"في زاوية" - Traduction Arabe en Turc

    • köşesinde
        
    • köşeye
        
    • bir köşede
        
    • köşesindeki
        
    • köşesindeyim
        
    • bir köşesine
        
    • köşedeki
        
    1. cadde ile Main'in köşesinde terk edilmiş varmpirin kanını buldum. Open Subtitles وَجدتُ دمّ مصّاصِ الدماء السيد في زاوية الشارع الأول و الرئيسي
    Dükkanın köşesinde oturur, tebeşir ve kömürle bir şeyler çizerdim. Open Subtitles كنت أجلس في زاوية المحل و أرسم بالطباشير و الفحم
    Ama onu köşeye sıkıştırırsanız, onun özgürlüğünü... tehdit ederseniz, sizi öldürür. Open Subtitles .. ولكن إن احتجزته في زاوية .. وإن هددت حريته سيقتلك
    Çoğunlukla bir bardağın arkasına, arka köşeye saklanırlar. TED إنهم في معظم الوقت يختبئون في زاوية خلف الكأس.
    Bu beceriksizlerden uzakta sessiz bir köşede yemek istiyorum, tamam mı? Open Subtitles أنا فقط أود الأَكْل في زاوية هادئة بعيداً عن هؤلاء البلهاء،مفهوم؟
    Biz Samanyolu Galaksisi'nin bir köşesindeki küçük bir gezegenin sakinleriyiz. TED نحن سكان كوكب صغير في زاوية من مجرة درب التبانة.
    Polly Nichols, Frying Pan'dan ayrılırken Brick Kulvarı ve Thrawl Sokağı'nın köşesinde görülüyor. Open Subtitles 30، وينظر بولي نيكولز ترك مقلاة في زاوية شارع بريك لين وشارع الثراول.

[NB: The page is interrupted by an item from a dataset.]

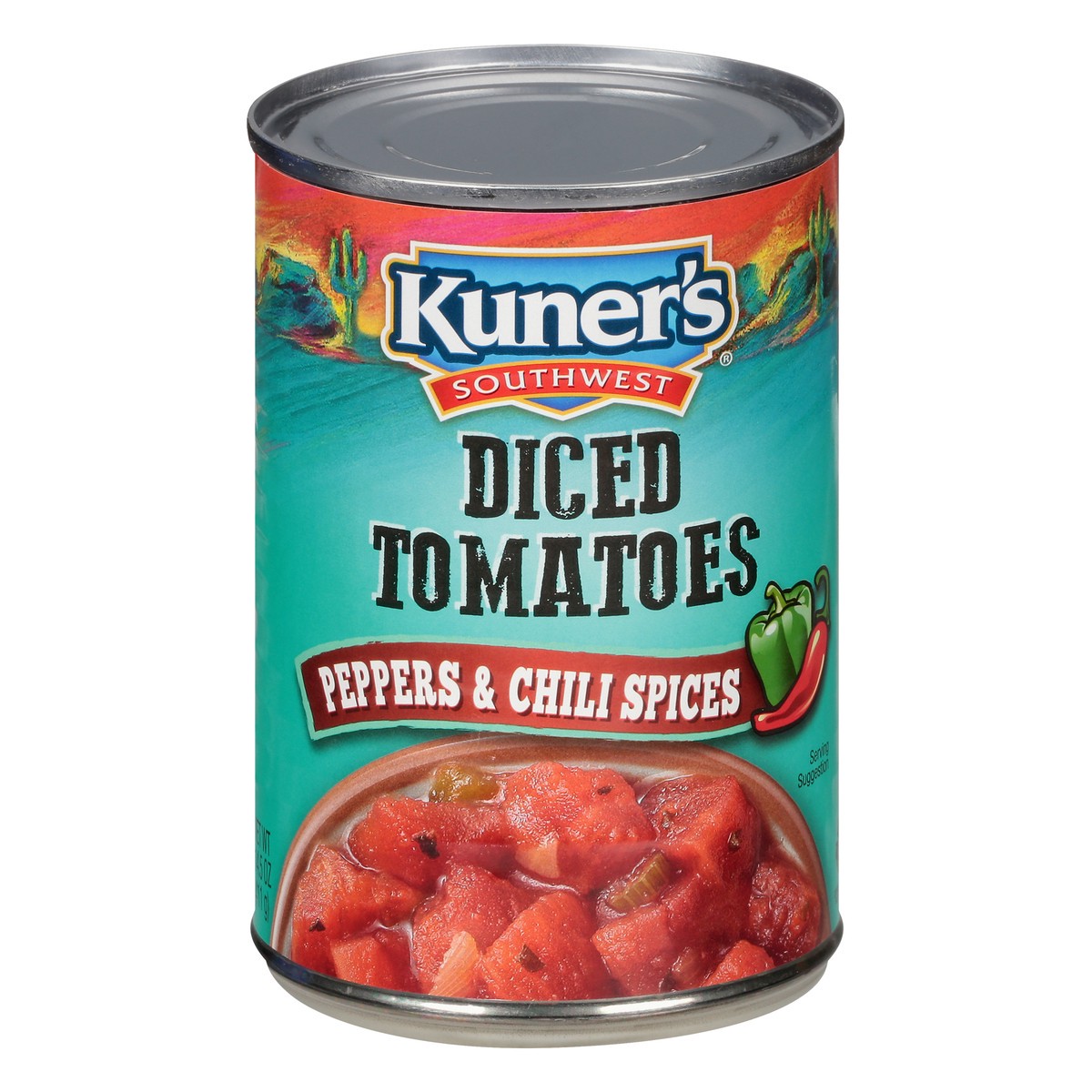 slide 1 of 9, Kuner's Kuner Chili Tomatoes, 14.5 oz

    Angelo Pazienza oğlunun boks kariyerinde ilk defa köşesinde yer almıyor. Open Subtitles انجلو بازيانزا ليس في زاوية فيني الليلة لاول في مسيرة ابنه
    Bir kız, eğer şanslıysa, karanlık bir odanın köşesinde -- Kuran'a bakabilme şansına sahipti. TED فتاة في زاوية غرفة .. ان كانت محظوظة بما فيه الكفاية لكي تملك الضوء لكي تستطيع أن تقرأ القرآن
    Kendimizi, Afrika'nın bir köşesinde kendi işine bakan önemsiz maymunlardan Dünya hükümdarlarına nasıl çevirdik? TED كيف حولنا أنفسنا من قرود غير متميزة، جل اهتمامها منصب في زاوية في افريقيا، إلى حكام لكوكب الأرض؟
    Sokak köşesinde durduğum için çok şüphe çekiyormuşum. Open Subtitles أعتقد بأني مثير للشك .لأني كنت واقفا في زاوية الشارع
    Deponun güneybatı köşesinde birileri var. Open Subtitles تحركات في زاوية الجانب الجنوبي الغربي من المخزن
    köşeye oturtur kulaklarına donut bile takabilirsin. Open Subtitles يمكنك أن تضعيه في زاوية وتعلّقي الكعكات من أذنيه.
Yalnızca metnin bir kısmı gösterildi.